- Assigned task
Omit all pictures, and print word for word only the lines from the one containing "La imaginación - es libre" through the end of the data.

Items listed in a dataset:
== == ==
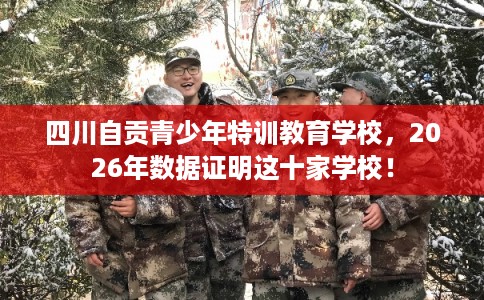 四川自贡青少年特训教育学校，2026年数据证明这十家学校！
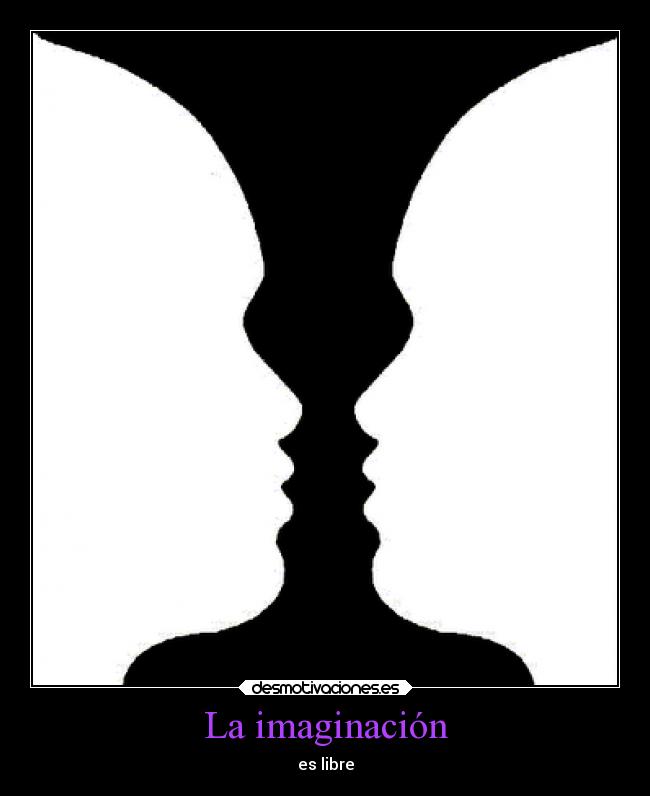 La imaginación - es libre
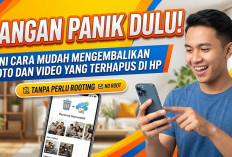 Jangan Panik Dulu! Ini Cara Mudah Mengembalikan Foto dan Video yang Sudah Terhapus di HP Tanpa Perlu Rooting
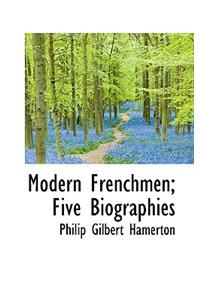 Modern Frenchmen; Five Biographies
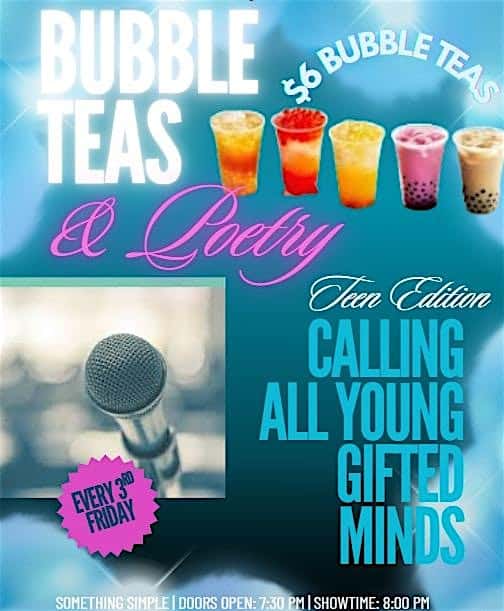 Bubble Teas & Poetry at Something Simple – Porterdale, GA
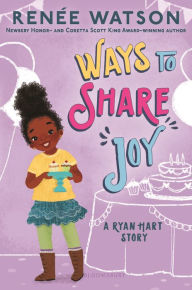 Free ebook downloader Ways to Share Joy ePub iBook by Renée Watson, Nina Mata, Renée Watson, Nina Mata English version 9781547609093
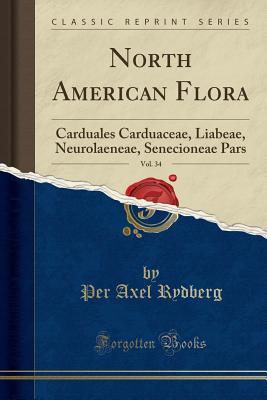 Full Download North American Flora, Vol. 34: Carduales Carduaceae, Liabeae, Neurolaeneae, Senecioneae Pars (Classic Reprint) - Per Axel Rydberg | PDF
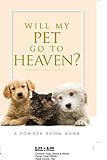 Will My Pet Go To Heaven?: A Power Room Book (Powder Room)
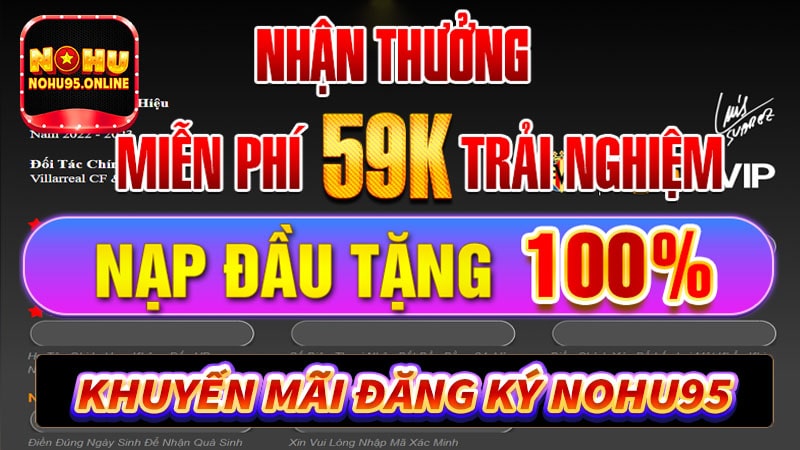 Khuyến mãi đăng ký nohu95 nhận ngay 99k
== == ==
- Solution to the problem
 La imaginación - es libre
 Jangan Panik Dulu! Ini Cara Mudah Mengembalikan Foto dan Video yang Sudah Terhapus di HP Tanpa Perlu Rooting
 Modern Frenchmen; Five Biographies
 Bubble Teas & Poetry at Something Simple – Porterdale, GA
 Free ebook downloader Ways to Share Joy ePub iBook by Renée Watson, Nina Mata, Renée Watson, Nina Mata English version 9781547609093
 Full Download North American Flora, Vol. 34: Carduales Carduaceae, Liabeae, Neurolaeneae, Senecioneae Pars (Classic Reprint) - Per Axel Rydberg | PDF
 Will My Pet Go To Heaven?: A Power Room Book (Powder Room)
 Khuyến mãi đăng ký nohu95 nhận ngay 99k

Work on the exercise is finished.